Recent polls show that two-thirds of independents disapprove of Trump — the voters Republicans must turn to in November if they have any hope of winning.

So with Trump’s approval underwater, why bring him to your state? The answer says a lot about the GOP’s long game with American democracy.

Let me first give my most generous interpretation. Maybe MAGA candidates are so deep in the hall of mirrors where they live that they actually think this guy can help them win elections. They believe that his denial of the tin hat election, the claim that he is being politically persecuted, or his antiquated brand of bravado may actually inspire some non-existent underground base to come out to the polls on their behalf.

To be fair here, one of the deepest conceptual challenges in politics is looking beyond your own echo chamber—realizing that the positive feedback you get on the trail doesn’t translate to more than half of the electorate like you more than the other person. Maybe the MAGA types just can’t see past the minority of Americans who have absorbed their lies.

But there is a more sinister interpretation here. While it takes a majority of voters to win an election, it takes far, far fewer to undermine one. Although each of these candidates is ostensibly running for election to public office using our democracy, they embrace a failed politician who sees his only way back to power through denying one. In doing so, Trump-embracing candidates are explicitly choosing to use their platforms to undermine the edifice of our democracy rather than trying to succeed within it.

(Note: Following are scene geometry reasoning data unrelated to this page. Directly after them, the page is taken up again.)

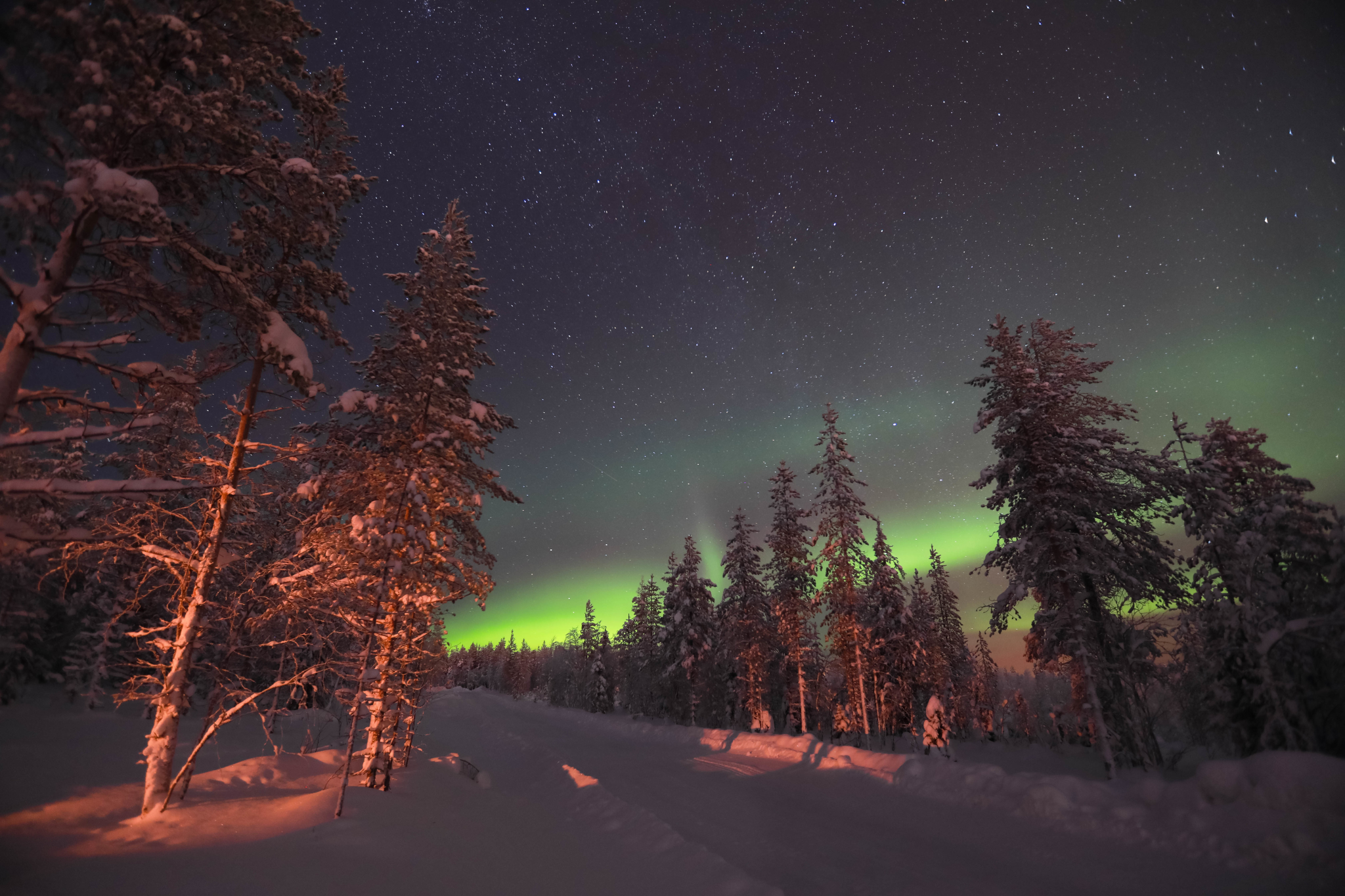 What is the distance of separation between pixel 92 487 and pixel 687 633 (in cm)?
3977

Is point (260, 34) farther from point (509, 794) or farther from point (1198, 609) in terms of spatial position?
point (1198, 609)

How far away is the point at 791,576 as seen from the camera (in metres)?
31.9

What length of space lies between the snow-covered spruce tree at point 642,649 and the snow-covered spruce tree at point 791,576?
56.9 ft

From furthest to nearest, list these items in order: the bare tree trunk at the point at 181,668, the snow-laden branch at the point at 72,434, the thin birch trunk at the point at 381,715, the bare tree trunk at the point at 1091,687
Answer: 1. the bare tree trunk at the point at 1091,687
2. the thin birch trunk at the point at 381,715
3. the bare tree trunk at the point at 181,668
4. the snow-laden branch at the point at 72,434

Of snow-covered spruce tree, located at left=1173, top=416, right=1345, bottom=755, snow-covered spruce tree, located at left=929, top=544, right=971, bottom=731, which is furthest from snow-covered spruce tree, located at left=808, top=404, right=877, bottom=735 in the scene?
snow-covered spruce tree, located at left=929, top=544, right=971, bottom=731

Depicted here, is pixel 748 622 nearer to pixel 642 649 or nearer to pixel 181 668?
pixel 642 649

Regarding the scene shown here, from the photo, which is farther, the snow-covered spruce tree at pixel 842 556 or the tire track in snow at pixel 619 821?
the snow-covered spruce tree at pixel 842 556

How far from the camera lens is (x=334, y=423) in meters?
14.7

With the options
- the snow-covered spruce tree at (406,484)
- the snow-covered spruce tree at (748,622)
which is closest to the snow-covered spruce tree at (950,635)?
the snow-covered spruce tree at (748,622)

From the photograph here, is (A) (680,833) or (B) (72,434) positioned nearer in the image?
(B) (72,434)

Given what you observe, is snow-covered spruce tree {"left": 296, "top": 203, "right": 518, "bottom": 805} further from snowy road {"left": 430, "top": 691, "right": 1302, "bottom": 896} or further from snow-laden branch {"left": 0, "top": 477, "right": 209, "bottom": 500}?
snowy road {"left": 430, "top": 691, "right": 1302, "bottom": 896}

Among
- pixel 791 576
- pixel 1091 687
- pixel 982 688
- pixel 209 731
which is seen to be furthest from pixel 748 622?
pixel 982 688

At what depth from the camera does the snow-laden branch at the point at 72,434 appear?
5.17 meters

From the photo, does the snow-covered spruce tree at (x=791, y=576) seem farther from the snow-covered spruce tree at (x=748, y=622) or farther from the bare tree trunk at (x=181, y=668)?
the bare tree trunk at (x=181, y=668) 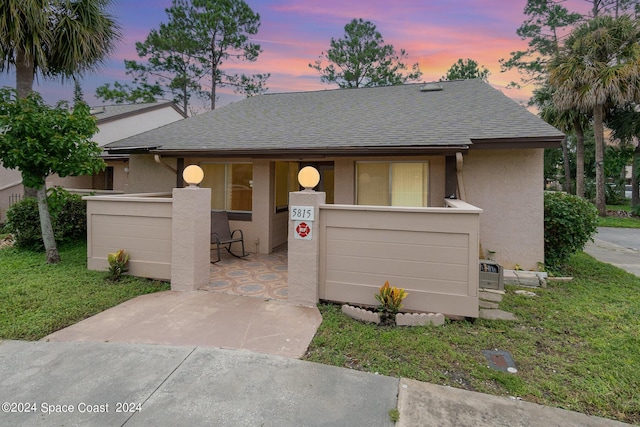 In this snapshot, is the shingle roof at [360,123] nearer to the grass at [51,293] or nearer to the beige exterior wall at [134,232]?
the beige exterior wall at [134,232]

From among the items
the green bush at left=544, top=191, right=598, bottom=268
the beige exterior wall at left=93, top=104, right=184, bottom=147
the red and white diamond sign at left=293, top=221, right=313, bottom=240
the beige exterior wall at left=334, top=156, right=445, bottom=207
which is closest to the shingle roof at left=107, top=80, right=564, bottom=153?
the beige exterior wall at left=334, top=156, right=445, bottom=207

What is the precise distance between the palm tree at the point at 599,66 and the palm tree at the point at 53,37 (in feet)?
56.9

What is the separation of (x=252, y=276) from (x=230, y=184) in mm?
3056

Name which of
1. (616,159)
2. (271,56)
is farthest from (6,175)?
(616,159)

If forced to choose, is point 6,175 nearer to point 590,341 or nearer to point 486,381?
point 486,381

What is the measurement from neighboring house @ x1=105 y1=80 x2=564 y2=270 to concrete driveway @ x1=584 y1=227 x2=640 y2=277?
2.18m

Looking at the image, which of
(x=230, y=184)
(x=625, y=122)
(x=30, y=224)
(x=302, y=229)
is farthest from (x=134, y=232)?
(x=625, y=122)

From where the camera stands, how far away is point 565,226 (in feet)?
20.8

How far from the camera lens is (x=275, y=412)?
95.7 inches

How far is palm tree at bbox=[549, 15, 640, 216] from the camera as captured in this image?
13242 millimetres

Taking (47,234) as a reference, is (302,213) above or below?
above

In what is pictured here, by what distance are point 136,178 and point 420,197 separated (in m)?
7.69

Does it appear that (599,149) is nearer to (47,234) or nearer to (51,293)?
(51,293)

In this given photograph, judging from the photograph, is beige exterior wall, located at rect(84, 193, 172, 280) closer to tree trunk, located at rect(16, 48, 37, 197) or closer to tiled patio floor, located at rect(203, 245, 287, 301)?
tiled patio floor, located at rect(203, 245, 287, 301) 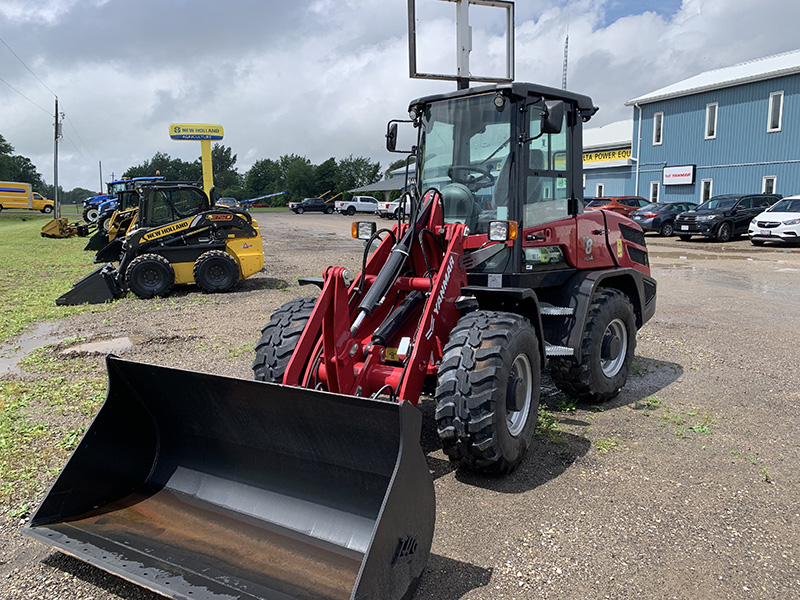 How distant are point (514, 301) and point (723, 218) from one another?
70.0ft

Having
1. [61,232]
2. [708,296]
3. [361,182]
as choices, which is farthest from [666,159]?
[361,182]

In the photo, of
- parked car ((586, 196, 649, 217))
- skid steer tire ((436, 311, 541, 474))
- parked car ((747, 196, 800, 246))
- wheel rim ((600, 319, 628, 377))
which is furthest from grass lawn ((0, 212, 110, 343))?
parked car ((747, 196, 800, 246))

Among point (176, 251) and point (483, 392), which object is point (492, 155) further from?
point (176, 251)

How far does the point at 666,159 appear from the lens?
33.4 metres

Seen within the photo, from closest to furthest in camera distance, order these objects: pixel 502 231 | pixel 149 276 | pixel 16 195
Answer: pixel 502 231, pixel 149 276, pixel 16 195

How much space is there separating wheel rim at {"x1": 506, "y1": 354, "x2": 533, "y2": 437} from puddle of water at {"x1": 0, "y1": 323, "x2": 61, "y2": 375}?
5497mm

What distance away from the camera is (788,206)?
70.2 feet

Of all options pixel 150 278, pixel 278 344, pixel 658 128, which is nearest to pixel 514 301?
pixel 278 344

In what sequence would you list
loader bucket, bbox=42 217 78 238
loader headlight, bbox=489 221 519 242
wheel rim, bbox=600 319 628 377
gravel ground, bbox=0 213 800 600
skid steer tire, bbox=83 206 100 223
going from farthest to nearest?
1. skid steer tire, bbox=83 206 100 223
2. loader bucket, bbox=42 217 78 238
3. wheel rim, bbox=600 319 628 377
4. loader headlight, bbox=489 221 519 242
5. gravel ground, bbox=0 213 800 600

In that respect, it’s hard not to see these midterms as anything but a win-win proposition for a GOP bent on power — not through, but despite of our democracy. If they lose, they will exploit their loss and claim foul play to feed their base even more of the grievance they are campaigning on. And if, despite their embrace of an anti-democratic demagogue, they happen to win, then they will happily claim victory and use their positions to similarly undo our democracy.

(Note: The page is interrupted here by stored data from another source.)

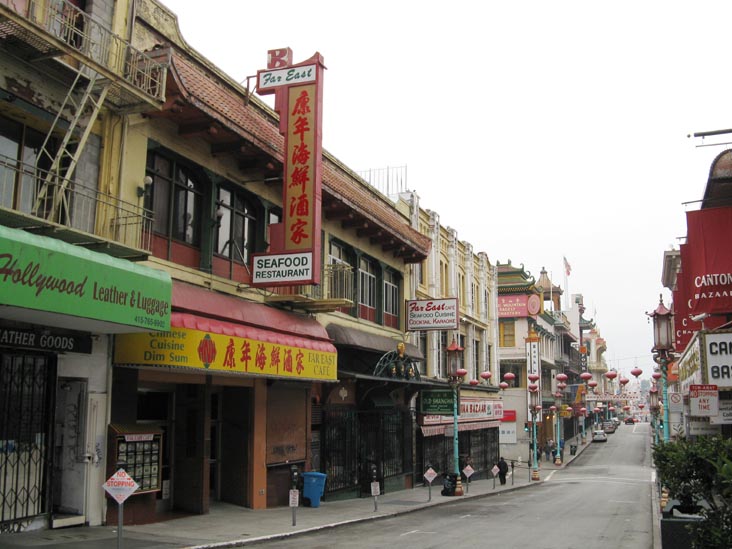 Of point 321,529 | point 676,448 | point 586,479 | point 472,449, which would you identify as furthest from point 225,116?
point 586,479

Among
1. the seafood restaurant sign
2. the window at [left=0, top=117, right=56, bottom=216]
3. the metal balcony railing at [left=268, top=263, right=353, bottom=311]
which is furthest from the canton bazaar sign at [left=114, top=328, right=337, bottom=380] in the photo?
the seafood restaurant sign

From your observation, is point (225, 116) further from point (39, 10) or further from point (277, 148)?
point (39, 10)

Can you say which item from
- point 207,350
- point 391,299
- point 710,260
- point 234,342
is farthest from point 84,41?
point 391,299

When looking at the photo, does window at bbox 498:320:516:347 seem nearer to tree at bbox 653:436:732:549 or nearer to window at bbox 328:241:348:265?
window at bbox 328:241:348:265

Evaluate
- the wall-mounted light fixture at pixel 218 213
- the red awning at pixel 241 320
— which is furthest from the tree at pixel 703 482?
the wall-mounted light fixture at pixel 218 213

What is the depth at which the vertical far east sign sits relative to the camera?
19.1 m

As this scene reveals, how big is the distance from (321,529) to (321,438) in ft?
22.3

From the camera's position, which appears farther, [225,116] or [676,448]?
[225,116]

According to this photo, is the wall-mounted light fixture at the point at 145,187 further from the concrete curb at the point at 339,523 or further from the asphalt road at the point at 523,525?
the asphalt road at the point at 523,525

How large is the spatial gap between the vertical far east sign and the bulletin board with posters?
5055 millimetres

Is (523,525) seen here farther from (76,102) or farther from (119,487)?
(76,102)

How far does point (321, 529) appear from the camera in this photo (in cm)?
1759

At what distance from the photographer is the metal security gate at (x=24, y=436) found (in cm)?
1301

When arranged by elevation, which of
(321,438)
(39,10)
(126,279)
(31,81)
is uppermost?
(39,10) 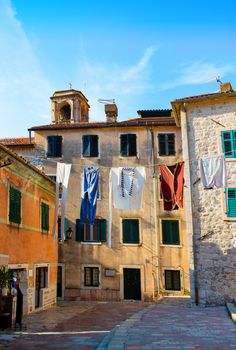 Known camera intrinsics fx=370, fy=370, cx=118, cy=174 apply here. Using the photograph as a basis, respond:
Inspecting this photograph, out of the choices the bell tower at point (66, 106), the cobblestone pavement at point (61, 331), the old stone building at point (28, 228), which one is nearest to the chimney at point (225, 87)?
the old stone building at point (28, 228)

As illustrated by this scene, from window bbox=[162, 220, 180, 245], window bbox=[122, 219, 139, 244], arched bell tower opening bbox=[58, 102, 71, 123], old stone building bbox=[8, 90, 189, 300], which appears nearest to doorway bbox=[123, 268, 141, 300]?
old stone building bbox=[8, 90, 189, 300]

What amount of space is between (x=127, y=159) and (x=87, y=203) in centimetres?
843

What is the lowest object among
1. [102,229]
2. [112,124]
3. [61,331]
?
[61,331]

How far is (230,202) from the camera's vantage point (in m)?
17.3

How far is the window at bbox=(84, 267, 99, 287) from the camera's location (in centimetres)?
2358

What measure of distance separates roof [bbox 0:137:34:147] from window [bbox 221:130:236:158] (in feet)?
43.8

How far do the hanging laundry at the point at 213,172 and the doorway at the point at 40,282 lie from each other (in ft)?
28.3

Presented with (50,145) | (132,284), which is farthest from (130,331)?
(50,145)

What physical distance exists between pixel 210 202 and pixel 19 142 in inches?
605

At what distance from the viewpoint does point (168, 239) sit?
2327 cm

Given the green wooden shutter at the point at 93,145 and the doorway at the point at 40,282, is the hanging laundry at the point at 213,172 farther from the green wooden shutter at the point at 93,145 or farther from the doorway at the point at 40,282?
the green wooden shutter at the point at 93,145

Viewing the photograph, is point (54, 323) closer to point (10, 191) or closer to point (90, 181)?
point (10, 191)

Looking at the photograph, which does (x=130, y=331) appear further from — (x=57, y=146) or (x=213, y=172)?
(x=57, y=146)

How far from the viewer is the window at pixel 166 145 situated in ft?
80.5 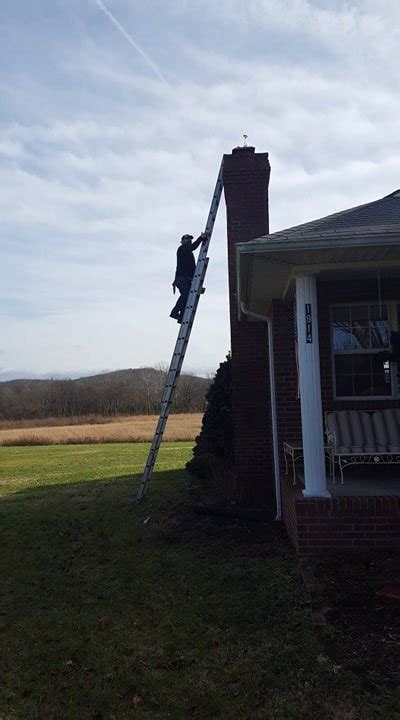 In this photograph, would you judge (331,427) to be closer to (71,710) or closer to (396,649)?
(396,649)

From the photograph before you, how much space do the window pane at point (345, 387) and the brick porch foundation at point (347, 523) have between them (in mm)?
2799

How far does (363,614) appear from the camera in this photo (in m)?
4.81

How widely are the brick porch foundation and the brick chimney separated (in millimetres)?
4565

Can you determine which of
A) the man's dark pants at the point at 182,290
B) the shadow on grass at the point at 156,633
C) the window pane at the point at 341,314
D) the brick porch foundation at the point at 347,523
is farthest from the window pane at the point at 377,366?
the man's dark pants at the point at 182,290

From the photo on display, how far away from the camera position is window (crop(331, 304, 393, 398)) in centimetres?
875

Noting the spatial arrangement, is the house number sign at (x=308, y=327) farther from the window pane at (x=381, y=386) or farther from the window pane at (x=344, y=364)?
the window pane at (x=381, y=386)

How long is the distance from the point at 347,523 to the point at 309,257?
2.69 m

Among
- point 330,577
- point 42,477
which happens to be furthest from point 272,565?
point 42,477

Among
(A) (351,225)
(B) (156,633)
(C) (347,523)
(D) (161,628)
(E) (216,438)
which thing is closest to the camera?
(B) (156,633)

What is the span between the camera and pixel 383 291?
28.2 ft

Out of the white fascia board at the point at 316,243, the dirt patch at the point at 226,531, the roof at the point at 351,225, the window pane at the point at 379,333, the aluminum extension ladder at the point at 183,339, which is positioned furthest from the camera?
the aluminum extension ladder at the point at 183,339

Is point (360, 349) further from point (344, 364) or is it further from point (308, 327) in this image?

“This is the most important choice of our lives” is a tired cliché at this point. But it’s true — and it will continue to be true every election for the foreseeable future. That’s because the GOP’s brinksmanship is like an automated ante-raising machine. Win or lose, they raise the stakes.

It also means that winning is not enough. We have to win, and we shall rule. The Republican grievance machine works because too many people believe the government isn’t doing it. It runs on broken promises and unmet needs, and directs the uncertainty it creates not at the very Republican Party that has for decades undermined our society’s ability to provide basic resources to Americans — but at Democrats who have promised to overcome it .

Democrats need to get serious about delivering what we promise: an education system that fits our children’s brains, affordable, accessible housing, clean air and water, basic rights over your own body, the ability to take a few weeks off , when you’re a child, or a parent gets sick, or if you have a child, childcare that allows you to work without having to sacrifice that entire check.

The GOP mocks its base for asking what the point of elections even is. Our answer must come in demonstrating the value of winning them.